# Parts for MTD Snow Flite 311-300



## cel478 (Feb 16, 2021)

Does anyone know where to find parts for a vintage snow flite?


----------



## RAOUL225 (Jan 24, 2020)

Does this look familiar? I get my parts on the MTD website


----------



## cel478 (Feb 16, 2021)

Very similar, looks like a newer model though.


----------



## 3vanman (Nov 21, 2017)

cel478 said:


> Does anyone know where to find parts for a vintage snow flite?
> View attachment 175928
> View attachment 175926



I currently have 2 Snow Flites in my collection, one from 85 that my neighbour gave me, and an 84 that I am fixing for the same neighbour.
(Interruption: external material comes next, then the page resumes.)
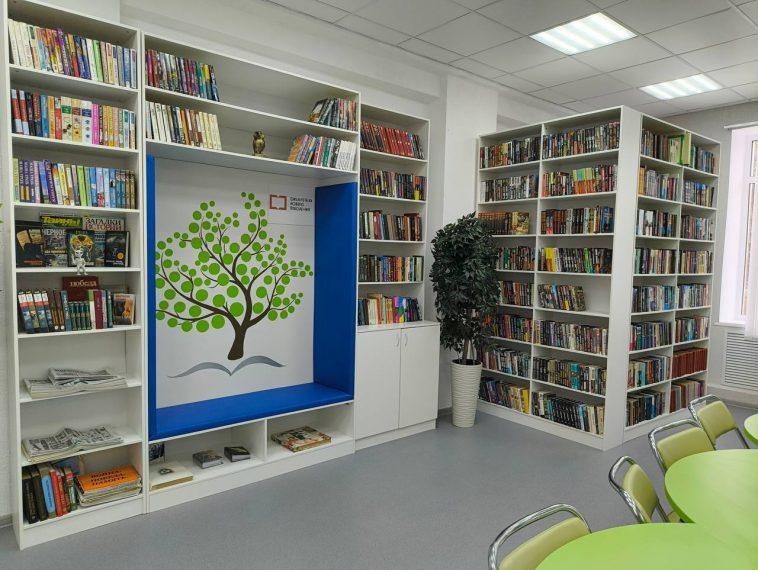 фото: администрация Волгоградской области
He tells me these have been in the family since brand new (his dad bought both), and when I informed him the pulley assembly on his was bent, he went over to his dad's and found a brand new one, still wrapped up.
Great old machines, no fancy turn clutches or such, but also built out of "real steel". 
On the smaller one, the throttle cable and all of the plastic bushings needed replacing, plus old gas and tire rot.
Not certain what parts you are looking for, but other than a couple of items, I have been able to source new parts fairly easily, once I determined the "part number".
I was also shocked to learn that MTD still has info for some of these older machines available, unlike when one is looking for Noma/Murray/Craftsman parts.


----------